Sofia Castel-Branco da Silveira do Instituto da Conservação da Natureza e das Florestas referiu a importância da rede nacional de áreas protegidas que representa 22% do território nacional. Explicou o regime jurídico e tudo o que levou ao aparecimento do 1º parque. E a partir dai levou a assistência através de uma viagem pelos parques e reservas que o ICNF “tutela”, mostrando dados e representações estatísticas com datas de criação, números de visitantes e suas precedências. Lançou uma questão para a plateia “Como comunicar Biodiversidade?” e respondeu que é uma tarefa realmente difícil, mas que estamos no bom caminho, destacando a plataforma integrada “Natural.pt”, criada em 2014 e com o objetivo de divulgar/promover produtos/serviços (atualmente com 538 produtos/serviços registados). Referiu ainda que “a capacidade de mobilidade não está a ser aproveitada, falta potenciar/utilizar os recursos existentes” (referindo-se, em particular, à rede viária e de transportes públicos de boa qualidade que temos no país).

Por fim destaca-se ainda a intervenção de Carlos Neto de Carvalho, coordenador científico do Geopark Naturtejo, que explicou e contextualizou este parque no panorama nacional e fez algumas sugestões para o Parque Arqueológico do Vale do Côa, nomeadamente o desenvolvimento rotas educativas/culturais que possam passar a integrar o projeto internacional Megalithic Routes (http://www.megalithicroutes.eu/), assim como facilitar e auxiliar a possibilidade da presença dos produtos regionais (projeto “Geoproduto”) em feiras internacionais e de importância comprovada (ITB (http://www.itb-berlin.de/en/) e BIOFACH (https://www.biofach.de/en) na Alemanha; FITUR (http://www.ifema.es/fitur_01/) e FIO em Espanha). Terminou a sua apresentação referindo o flagelo dos incêndios que este ano assolou o Geopark Naturtejo, que afetou 60% da área do parque destruindo 11 anos de trabalho.

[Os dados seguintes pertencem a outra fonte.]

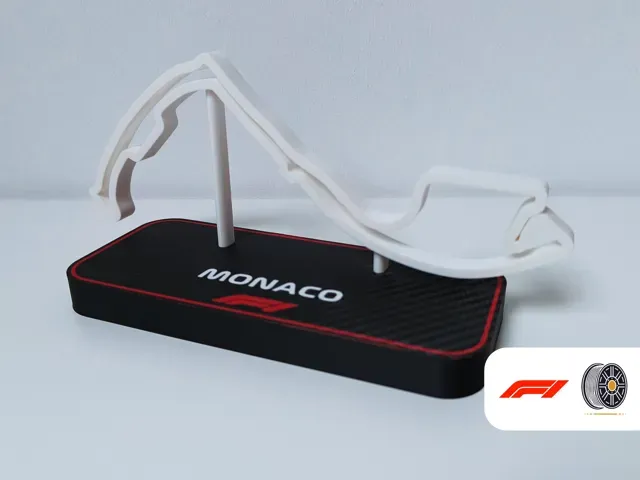 Monaco | F1 Circuit Display Series — Фото 2 из 3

Foi um encontro muito rico, que conseguiu, num mesmo dia, reunir pessoas com perspetivas e interesses relativamente ao turismo e em particular ao turismo sustentável e que, poderia ter sido ainda mais estimulante, se tivesse sido possível ativar as sessões de debate. Que acabaram por não ocorrer devido à falta de tempo, motivado pelo elevado número de intervenções (todas elas com muita informação importante para transmitir) e que na sua maioria não conseguiram cingir-se apenas aos 10 minutos definidos.

No global foi uma ótima iniciativa que motivou grande interesse aos promotores turísticos da região e associações regionais, que no final do dia saiam satisfeitos e com diversificadas perspetivas sobre a temática.